November 21, 2022, 11:59 AM UTC
FTX has filed for bankruptcy in the US, seeking court protection as it looks for a way to return money to users.
Jonathan Raa—NurPhoto/Getty Images

John Ray, the seasoned expert brought in to tidy up the wreckage of collapsed crypto exchange FTX, is billing $1,300 per hour for his trouble, court documents filed on Sunday show.

Restructuring experts are seeking to carry on paying senior staff wages, despite a freeze on company funds and a lack of clear records about who is owed what. Legal documents filed over the weekend at the U.S. Bankruptcy Court for the District of Delaware ahead of the first hearing on Tuesday shed more light on the insolvency proceedings.

FTX’s fortunes collapsed rapidly following a Nov. 2 revelation by CoinDesk that the company had blurred the lines with supposedly independent trading arm Alameda Research. It may have left as many as 1 million creditors, including crypto users who have been unable to withdraw funds from their accounts.

Continued payment of salaries “is necessary for the preservation of the resources and value” of the FTX estate, said the filing by Edgar Mosley, managing director at restructuring consultancy Alvarez & Marsal. “Without it, I believe that even more employees may seek alternative employment opportunities … likely, diminishing stakeholder confidence in the Debtors’ ability to successfully reorganize.”

Payments made to Chief Executive Ray, as well as the $975 hourly billing of Chief Administrative Officer Kathryn Schultea, Chief Financial Officer Mary Cilia and Chief Information Officer Raj Perubhatla, are “critical to maintaining and administering” what remains of the company as it tries to unwind its debts in an orderly way.

The filing also cites non-employee directors hired to ensure proper governance during the insolvency process, for which they charge a fee of $50,000 per month plus expenses.

Though eye-catching, the fees may be small potatoes in the pricey world of corporate restructuring.

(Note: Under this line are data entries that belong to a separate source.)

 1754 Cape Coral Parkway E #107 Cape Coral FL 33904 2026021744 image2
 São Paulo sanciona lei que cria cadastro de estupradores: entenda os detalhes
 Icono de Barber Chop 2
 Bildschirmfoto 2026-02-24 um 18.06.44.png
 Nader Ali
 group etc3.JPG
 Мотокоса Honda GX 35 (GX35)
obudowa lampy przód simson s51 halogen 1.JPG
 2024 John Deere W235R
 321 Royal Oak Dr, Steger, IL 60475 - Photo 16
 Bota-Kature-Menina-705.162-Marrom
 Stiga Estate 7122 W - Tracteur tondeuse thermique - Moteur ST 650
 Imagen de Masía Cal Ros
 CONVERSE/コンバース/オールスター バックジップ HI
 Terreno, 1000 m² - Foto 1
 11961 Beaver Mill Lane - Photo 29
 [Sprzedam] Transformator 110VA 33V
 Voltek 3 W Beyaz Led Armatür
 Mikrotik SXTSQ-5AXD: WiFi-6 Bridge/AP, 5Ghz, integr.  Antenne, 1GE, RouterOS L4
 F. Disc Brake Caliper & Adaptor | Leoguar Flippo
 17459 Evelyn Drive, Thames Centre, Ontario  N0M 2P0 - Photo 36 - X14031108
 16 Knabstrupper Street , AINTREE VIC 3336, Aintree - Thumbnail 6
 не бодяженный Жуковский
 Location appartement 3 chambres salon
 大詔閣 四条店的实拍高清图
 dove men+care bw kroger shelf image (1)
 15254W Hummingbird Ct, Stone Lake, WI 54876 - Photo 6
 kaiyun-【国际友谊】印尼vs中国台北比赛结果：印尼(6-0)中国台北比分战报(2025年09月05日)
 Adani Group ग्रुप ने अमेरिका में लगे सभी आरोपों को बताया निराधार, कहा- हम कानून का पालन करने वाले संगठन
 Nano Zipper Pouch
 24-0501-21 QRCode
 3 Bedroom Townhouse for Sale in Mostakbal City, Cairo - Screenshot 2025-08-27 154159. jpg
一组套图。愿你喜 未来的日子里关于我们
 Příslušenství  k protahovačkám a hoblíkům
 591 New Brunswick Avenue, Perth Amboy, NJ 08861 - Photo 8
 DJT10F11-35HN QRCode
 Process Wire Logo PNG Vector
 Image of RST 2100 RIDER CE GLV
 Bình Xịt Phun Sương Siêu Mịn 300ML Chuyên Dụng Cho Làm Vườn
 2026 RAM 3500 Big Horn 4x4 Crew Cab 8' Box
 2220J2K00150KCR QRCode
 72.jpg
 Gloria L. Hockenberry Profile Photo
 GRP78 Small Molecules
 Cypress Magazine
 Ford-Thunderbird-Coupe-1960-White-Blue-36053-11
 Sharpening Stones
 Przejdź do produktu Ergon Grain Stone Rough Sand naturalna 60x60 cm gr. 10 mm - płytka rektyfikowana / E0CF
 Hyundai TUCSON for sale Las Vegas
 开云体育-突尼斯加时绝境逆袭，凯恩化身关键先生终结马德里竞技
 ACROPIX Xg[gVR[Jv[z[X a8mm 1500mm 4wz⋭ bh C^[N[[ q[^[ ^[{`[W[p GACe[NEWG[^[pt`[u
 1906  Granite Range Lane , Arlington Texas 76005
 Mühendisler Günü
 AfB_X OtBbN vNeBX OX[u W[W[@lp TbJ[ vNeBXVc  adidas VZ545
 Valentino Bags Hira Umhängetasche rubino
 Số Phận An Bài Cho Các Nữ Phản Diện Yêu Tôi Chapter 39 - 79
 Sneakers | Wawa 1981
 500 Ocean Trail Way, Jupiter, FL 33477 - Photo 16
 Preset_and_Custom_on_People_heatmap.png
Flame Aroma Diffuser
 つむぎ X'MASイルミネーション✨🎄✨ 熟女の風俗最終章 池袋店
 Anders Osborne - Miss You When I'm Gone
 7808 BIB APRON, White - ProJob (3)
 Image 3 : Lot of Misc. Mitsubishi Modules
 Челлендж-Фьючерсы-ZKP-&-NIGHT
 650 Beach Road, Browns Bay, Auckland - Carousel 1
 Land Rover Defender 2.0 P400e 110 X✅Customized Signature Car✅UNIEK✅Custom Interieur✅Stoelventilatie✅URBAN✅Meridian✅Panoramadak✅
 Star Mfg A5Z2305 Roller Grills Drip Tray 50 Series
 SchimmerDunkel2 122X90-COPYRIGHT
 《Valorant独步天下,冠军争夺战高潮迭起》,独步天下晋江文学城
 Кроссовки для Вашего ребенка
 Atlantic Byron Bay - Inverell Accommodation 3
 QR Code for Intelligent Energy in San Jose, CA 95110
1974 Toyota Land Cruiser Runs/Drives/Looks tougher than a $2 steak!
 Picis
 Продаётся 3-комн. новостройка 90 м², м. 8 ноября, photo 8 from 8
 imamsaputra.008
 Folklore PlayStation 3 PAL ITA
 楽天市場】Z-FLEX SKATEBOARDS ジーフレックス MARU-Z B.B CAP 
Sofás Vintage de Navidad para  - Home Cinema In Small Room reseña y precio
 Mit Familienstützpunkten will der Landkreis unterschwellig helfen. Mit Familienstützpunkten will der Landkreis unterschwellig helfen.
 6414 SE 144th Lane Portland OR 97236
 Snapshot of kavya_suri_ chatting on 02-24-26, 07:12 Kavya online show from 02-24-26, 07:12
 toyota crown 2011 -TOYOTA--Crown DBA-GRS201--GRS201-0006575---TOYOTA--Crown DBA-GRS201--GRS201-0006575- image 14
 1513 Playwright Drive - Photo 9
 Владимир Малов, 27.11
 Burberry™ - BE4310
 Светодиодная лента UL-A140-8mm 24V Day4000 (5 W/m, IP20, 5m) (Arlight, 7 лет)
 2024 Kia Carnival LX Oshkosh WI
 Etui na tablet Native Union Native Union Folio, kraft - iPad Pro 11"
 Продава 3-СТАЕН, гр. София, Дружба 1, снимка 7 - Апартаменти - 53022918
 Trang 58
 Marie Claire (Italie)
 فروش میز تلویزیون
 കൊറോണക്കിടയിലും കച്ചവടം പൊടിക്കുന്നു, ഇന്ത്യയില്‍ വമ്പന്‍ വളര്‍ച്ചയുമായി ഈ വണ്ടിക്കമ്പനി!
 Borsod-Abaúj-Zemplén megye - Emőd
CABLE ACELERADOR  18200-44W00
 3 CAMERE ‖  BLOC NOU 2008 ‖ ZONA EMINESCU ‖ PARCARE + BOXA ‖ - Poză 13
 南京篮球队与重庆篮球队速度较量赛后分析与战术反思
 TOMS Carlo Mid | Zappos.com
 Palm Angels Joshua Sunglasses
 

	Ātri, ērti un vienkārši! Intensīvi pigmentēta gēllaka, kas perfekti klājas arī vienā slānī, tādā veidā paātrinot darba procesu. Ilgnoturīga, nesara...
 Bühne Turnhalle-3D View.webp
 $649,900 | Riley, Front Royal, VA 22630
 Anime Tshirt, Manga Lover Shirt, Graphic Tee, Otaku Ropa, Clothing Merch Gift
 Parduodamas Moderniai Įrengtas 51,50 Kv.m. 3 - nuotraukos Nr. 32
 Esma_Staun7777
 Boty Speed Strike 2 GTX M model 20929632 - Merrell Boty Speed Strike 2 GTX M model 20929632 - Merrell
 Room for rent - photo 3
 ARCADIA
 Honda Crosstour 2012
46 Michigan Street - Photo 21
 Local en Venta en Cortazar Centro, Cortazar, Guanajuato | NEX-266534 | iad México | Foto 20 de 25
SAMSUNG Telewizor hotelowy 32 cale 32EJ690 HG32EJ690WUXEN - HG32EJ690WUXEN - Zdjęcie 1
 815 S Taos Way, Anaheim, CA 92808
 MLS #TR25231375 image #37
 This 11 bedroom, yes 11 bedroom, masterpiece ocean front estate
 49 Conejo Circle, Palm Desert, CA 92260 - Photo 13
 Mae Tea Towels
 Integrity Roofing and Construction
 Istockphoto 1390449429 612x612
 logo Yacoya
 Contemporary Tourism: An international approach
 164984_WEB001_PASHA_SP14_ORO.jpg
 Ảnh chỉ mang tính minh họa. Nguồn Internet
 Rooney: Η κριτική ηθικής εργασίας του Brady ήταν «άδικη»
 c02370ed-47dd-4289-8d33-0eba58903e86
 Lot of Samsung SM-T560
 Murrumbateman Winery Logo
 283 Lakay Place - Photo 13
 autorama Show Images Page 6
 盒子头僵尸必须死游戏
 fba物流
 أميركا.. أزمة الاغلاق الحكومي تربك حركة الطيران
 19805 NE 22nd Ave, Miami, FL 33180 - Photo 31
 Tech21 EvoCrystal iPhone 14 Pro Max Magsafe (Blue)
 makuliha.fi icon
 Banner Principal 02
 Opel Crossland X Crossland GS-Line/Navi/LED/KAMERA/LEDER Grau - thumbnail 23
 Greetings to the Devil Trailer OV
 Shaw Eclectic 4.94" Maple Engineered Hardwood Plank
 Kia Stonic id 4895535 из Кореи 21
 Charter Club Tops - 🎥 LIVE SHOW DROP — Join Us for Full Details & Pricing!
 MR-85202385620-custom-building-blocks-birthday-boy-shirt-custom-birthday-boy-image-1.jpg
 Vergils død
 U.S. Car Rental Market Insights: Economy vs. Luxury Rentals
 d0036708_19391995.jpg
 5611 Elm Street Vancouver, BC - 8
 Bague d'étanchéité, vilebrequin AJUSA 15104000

In the low millions per year, Ray’s takings would represent just a fraction of the $3.1 billion FTX owes to its principal creditors, the $2 billion it cost to unwind Lehman Brothers, as reported in 2010, or the $21 billion which Ray’s predecessor Sam Bankman-Fried could at one time claim as his personal fortune.

Mosley also recommends continuing to pay as much as $17.5 million to critical contractors, without which the company could see crypto assets hacked or stolen, and who may be located outside of the U.S. court’s reach.

But determining who those key suppliers are is made more complex by FTX’s cavalier attitude to record-keeping — something which Ray has previously criticized as the worst he’s ever seen in his 40-year restructuring career, including for the failed energy company Enron. FTX is still having trouble identifying who was on its payroll, complicating efforts to pay out as much as $1,000,000 in back pay. Ray has also criticized practices such as purchasing Bahamas real estate for staff using company funds.